The answer to this, I think, is two-fold. We must work with whistleblowers and publishers, such as wikileaks, to find out what our government is doing. And we must organize and train and engage in relentless nonviolent activism to radically and quaintly change what it is doing.
We may be past the point of spiritual death as a nation, yet somehow we’re still kicking. And we’re not just kicking our neighbors who have unions or health coverage, as we’ve been instructed. We’re pushing back against the plutocratic plunderers of our children’s future. Some of us whom the government taxes for working will be paying a visit to Bank of America this evening, which the government pays to rip us off. Nicole Sandler, our nation’s best radio host, is here to lead that action.

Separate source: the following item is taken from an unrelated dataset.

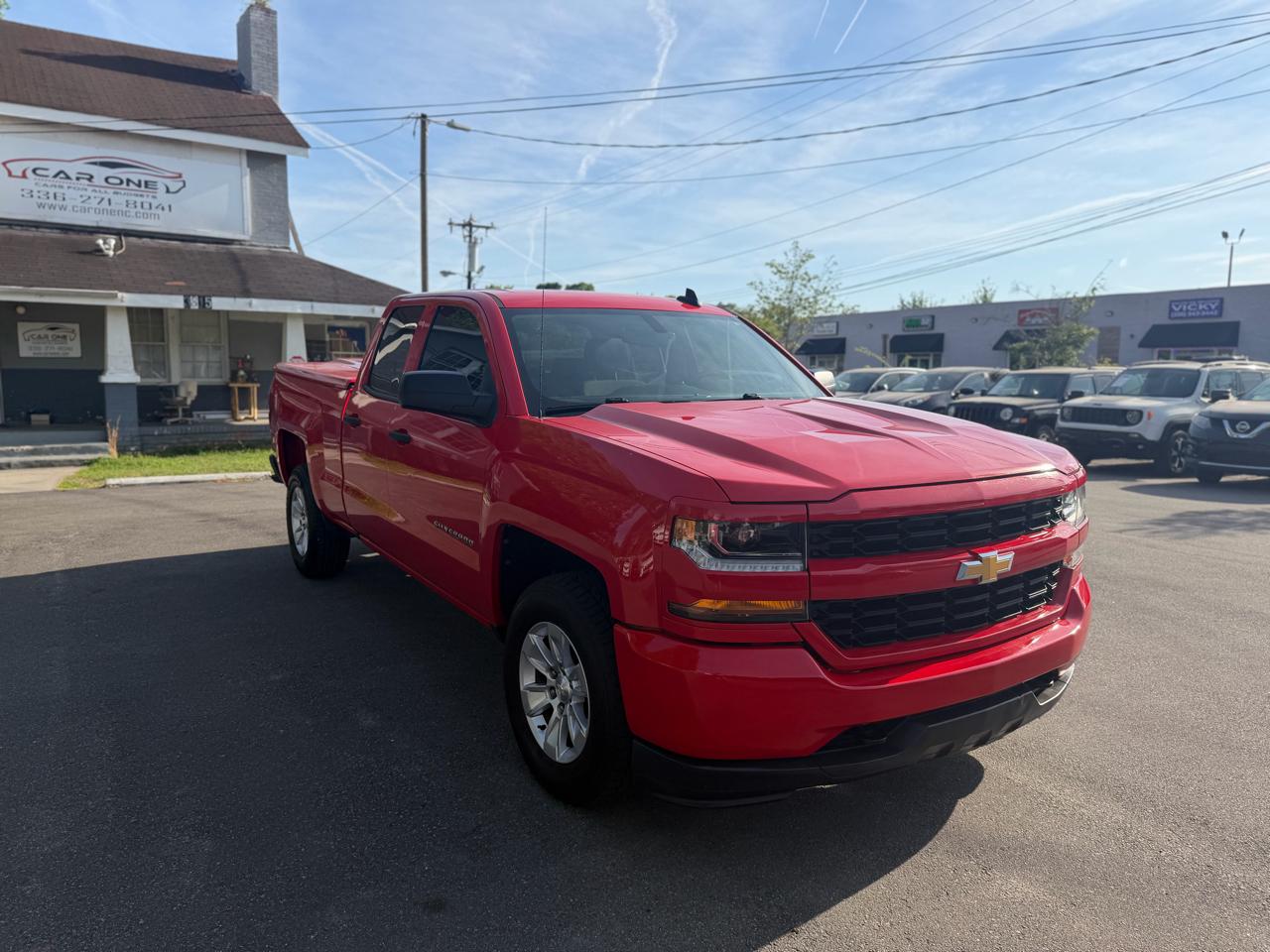 Chevrolet Silverado 1500 2WD Double Cab 143.5" Custom 2017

There is a moment of activism in the world right now that should not be allowed to slip through our fingers. We have an absolute duty to fend off the twin dangers of collapse into apathy or degeneration into violence. Did you know that Egyptians studied the Montgomery Bus Boycott and learned from American scholars of nonviolent action? We are part of an ongoing exchange of ideas and inspiration. And while our government may not save a trillion dollars a year by hiring Egyptian activists to spread democracy instead of the Pentagon, we can take inspiration from what is happening across the Middle East and the Middle West and find our calling in the eternal nonviolent struggle for a better world.
There is no quick fix to the mess we’re in. For godsake, peace is quaint and radical. You don’t dig out of that hole in a matter of days. And this is good, not bad, news for you and me. Drug abuse, I guarantee you, has plummeted in Madison, Wisconsin. Nobody’s skydiving. Nobody’s reading their horoscopes or trying on new religions. Nobody engaged in the peace and justice movement has to look for meaning in life. Nonviolent action is what makes life worthwhile.
And we Americans can do it as well as anybody else and have done it before. Libyans are laying down their lives against brutal violence, and they are advancing the cause of peace and justice whether they win this year or decades down the road. They have no parties, no unions, no civil society, they’re divided by region and tribe, and yet they are taking action and so can we.
Most human societies have not known war and many have known it and dropped it. The current issue of Yes magazine has an article about a group of baboons that engaged in constant violence for years and then developed a culture of peace. Now I’m not claiming we’re all geniuses, but if baboons can do it we might want to try. War is not in our genes. It’s not necessitated by the small-scale violence that responds to it. It’s not needed to defend anything. It is worse than anything it can be used to remedy. And if the young people in this room live to be as old as the elderly in this room it will be because the thought of war as an acceptable human behavior has been made both radical and quaint.